I have just watched a DVD of maestro Boulez conducting the Staatskapelle Berlin (Mahler Symphony no. 2).

Then I watched some fragments of Claudio Abbado conducting the Lucerne Festival Orchestra in three other Mahler symphonies.

It was interesting to notice the huge difference in amount of body movement from these two masterful conductors.

Boulez did not use a baton, and moved minimally, his hands didn't wave much, his face remained rather static. He seemed like a statue sometimes.

Abbado moved a lot, waved his hands all over, used a baton, his facial expression was rich, and he seemed to look at and communicate more with the musicians.

However both achieved spectacular results, at least in my humble opinion (I'm no expert and I'm out of my depth here).

For those of you who are conductors or musicians who have played in orchestras or cognoscenti of conducting techniques and orchestral playing, how do you explain the fact that Boulez, employing minimalistic body, arms, and hand movements, can achieve as good a result as the very expressive conductor Abbado?

I understand that the reading of the score and the rehearsing with the orchestra are very important factors for a conductor to achieve good results with an orchestra, but I'm focusing now on the body movement aspect.

Opinions?


----------



## Polednice (Sep 13, 2009)

I'm not really sure. One initial suggestion: perhaps Boulez is better at communicating his desires verbally in rehearsals, and so doesn't need to rely on elaborate gestures in the same way?


----------



## Vesteralen (Jul 14, 2011)

I've often wondered about this. I would think that musicians could find it very difficult to have to acclimatize themselves to all the technique variations that guest conductors present to them.


----------



## Klavierspieler (Jul 16, 2011)

It an interesting thing, isn't it. 

In addition to these fellows, you also have Bernstein; he goes into a class of his own.


----------



## Artemis (Dec 8, 2007)

Klemperer was another very good conductor whose body movement whilst conducting was minimal, and yet he managed to achieve an incredibly good result in most of his recordings. I am basing this on videos that I have seen of him as the principal conductor of the Philharmonia Orchestra (1959-73) where he didn't appear to waste much physical energy in his conducting style. What he may have been like in his earlier days I do not know. On the other hand, another very great conductor, particularly of Beethoven orchestral works, Furtwangler, was all over the place, with his hands and arms behaving in a very peculiar puppet-like manner, and yet also he achieved top class results. 

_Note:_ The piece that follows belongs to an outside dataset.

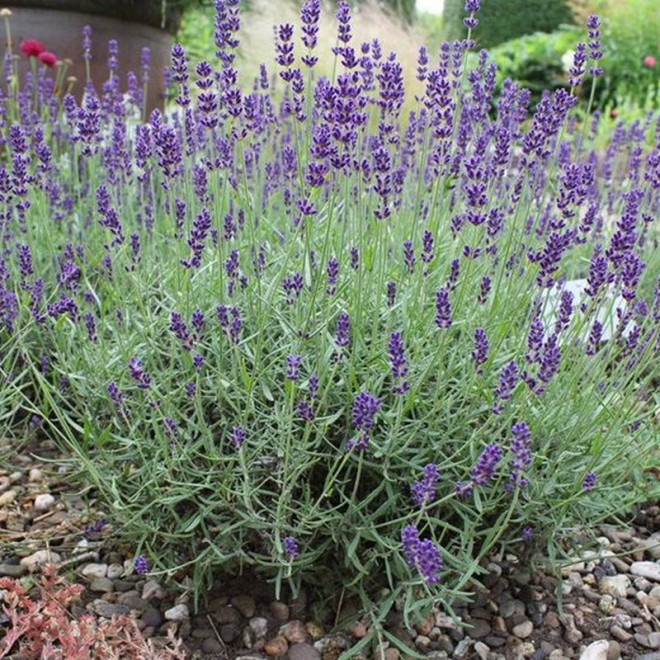 Lawenda wąskolistna Dwarf Blue Lavandula angustifolia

Why this difference? I would hazard a guess that it may be due to their overall temperament. Some people in ordinary conversation seem to shout a lot, and get excited quickly, whilst others are laid back and nonchalant in how they express themselves. This sort of disctinction might map over into accounting for different conducting styles. But I don't really know, as I haven't studied this in any detail.


----------



## GoneBaroque (Jun 16, 2011)

Certainly most of the hard work of preparing a concert is done in rehearsal. If the conductor has managed, by whatever means, to adequately communicate his interpretation at rehearsal then what he does in the actual performance could be largely superfluous. It has been know in a number of instances for musicians to make things very difficult for a conductor they do not respect. How much of this abundance of motion is grandstanding for the audience? Personally I would rather watch someone like Boulez or Blomstedt in preference to a ballet dancer in tails.


----------



## Polednice (Sep 13, 2009)

I wonder if any of them put on a fraudulent show just for the sake of the audience. You know, like Lang Lang.


----------



## Almaviva (Aug 13, 2010)

Polednice said:


> I wonder if any of them put on a fraudulent show just for the sake of the audience. You know, like Lang Lang.

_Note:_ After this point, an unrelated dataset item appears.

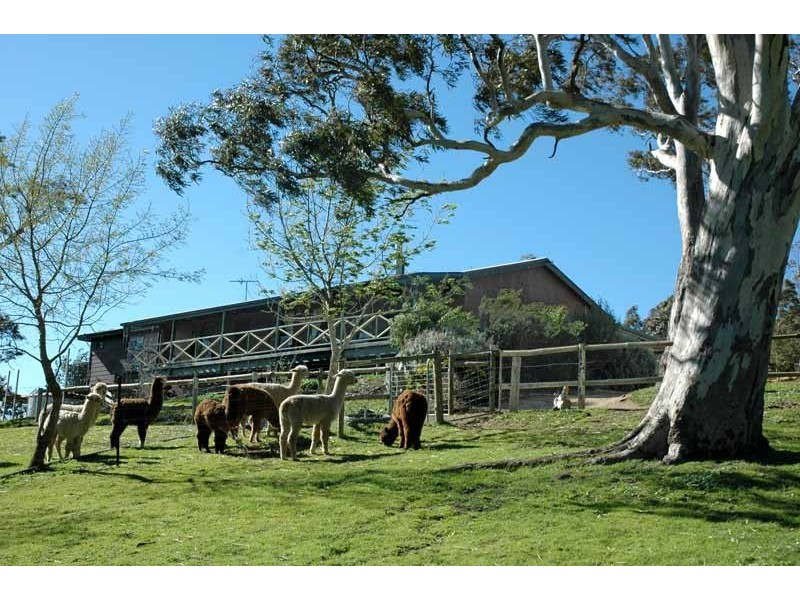 Lot 17 Springs  Road MOUNT BARKER 5251, Mount Barker SA 5251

 I get the humor, but seriously speaking, I think not. These movements did match the music a fraction of seconds before the sounds, and of course the maestro needs to keep the tempo. They were both doing that, just, Boulez did it with sparse motion and Abbado with abundant motion.


----------



## Polednice (Sep 13, 2009)

Almaviva said:


> I get the humor, but seriously speaking, I think not. These movements did match the music a fraction of seconds before the sounds, and of course the maestro needs to keep the tempo. They were both doing that, just, Boulez did it with sparse motion and Abbado with abundant motion.


It's interesting to watch masterclasses of conductors talking about this. I was at a masterclass once with Peter Stark who said that the conductor feels himself to be a master of his art, and a vessel of emotion, but that he should keep his movements to a minimum. Similarly, I saw an extract of a Haitink masterclass where he tried to control the wild movements of his students. I've never actually heard a conductor give an explanation for it though.

I'm convinced by Artemis's suggestion - I imagine it has a great deal to do with personality, rather than any solid foundation of reasoning as to which is better.


----------



## graaf (Dec 12, 2009)

Almaviva said:


> ...Boulez did it with sparse motion and Abbado with abundant motion.


Abbado is Italian - have you ever seen Italians arguing? Seeing them talking makes you believe they are arguing, seeing them arguing is not believing what you're seeing 
On a more serious note, some people say more with their eyebrows, than some people with words. I'm no expert in conducting, of course, but I think that the analogy between conducting and talking is valid, since conducting is one of many means of communication. I'd say I'm on the same page with Artemis on that one.


----------



## Sid James (Feb 7, 2009)

I think that whether a conductor is fairly static or animated not only depends on various factors discussed above (eg. personal style, culture, the type of audience, etc.) but also things like what musicians a conductor is working with, whether the conductor & orchestra have worked together before (eg. know eachother's cues, abilities, strengths & weaknesses, etc.), & also the venue (eg. in terms of space for the orchestra, in a more crowded space the conductor has to do more "crowd control," eg be very specific with their movements). These issues I have raised with musicians I know, and it is an interesting topic for many music lovers.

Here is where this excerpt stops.